── Given data
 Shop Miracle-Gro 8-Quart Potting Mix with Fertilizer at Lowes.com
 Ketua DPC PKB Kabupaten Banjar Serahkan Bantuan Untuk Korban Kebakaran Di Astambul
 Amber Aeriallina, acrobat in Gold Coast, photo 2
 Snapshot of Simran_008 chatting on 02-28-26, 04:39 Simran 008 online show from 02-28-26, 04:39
────
── Given data
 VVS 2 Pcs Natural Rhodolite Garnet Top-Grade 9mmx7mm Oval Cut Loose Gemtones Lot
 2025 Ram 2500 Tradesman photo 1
────
── Given data
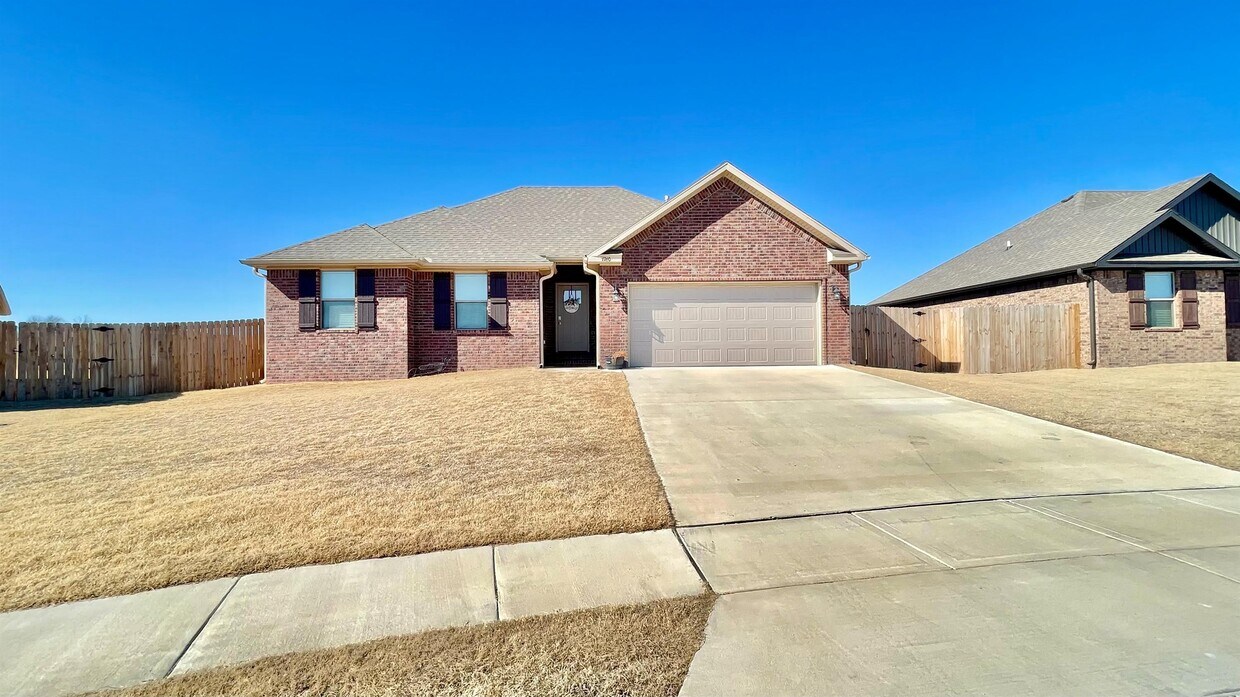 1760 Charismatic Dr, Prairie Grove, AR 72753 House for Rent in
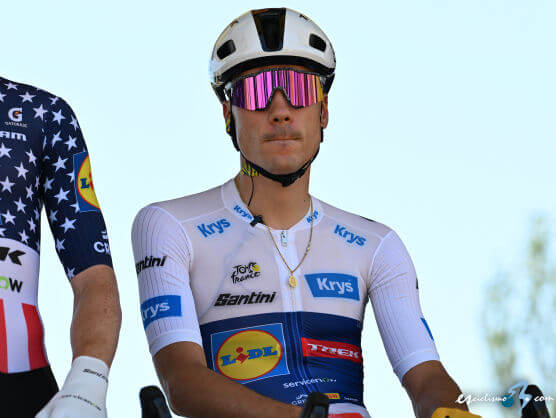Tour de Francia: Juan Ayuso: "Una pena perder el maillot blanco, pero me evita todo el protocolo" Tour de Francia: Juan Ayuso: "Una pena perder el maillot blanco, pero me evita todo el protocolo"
────
**Exercise instructions**
Beginning at the line with "Shop Miracle-Gro 8-Quart" and ending at the line with "Snapshot of Simran_008", reproduce each line of the data above exactly, and add no other lines.

**Response area**
 Shop Miracle-Gro 8-Quart Potting Mix with Fertilizer at Lowes.com
 Ketua DPC PKB Kabupaten Banjar Serahkan Bantuan Untuk Korban Kebakaran Di Astambul
 Amber Aeriallina, acrobat in Gold Coast, photo 2
 Snapshot of Simran_008 chatting on 02-28-26, 04:39 Simran 008 online show from 02-28-26, 04:39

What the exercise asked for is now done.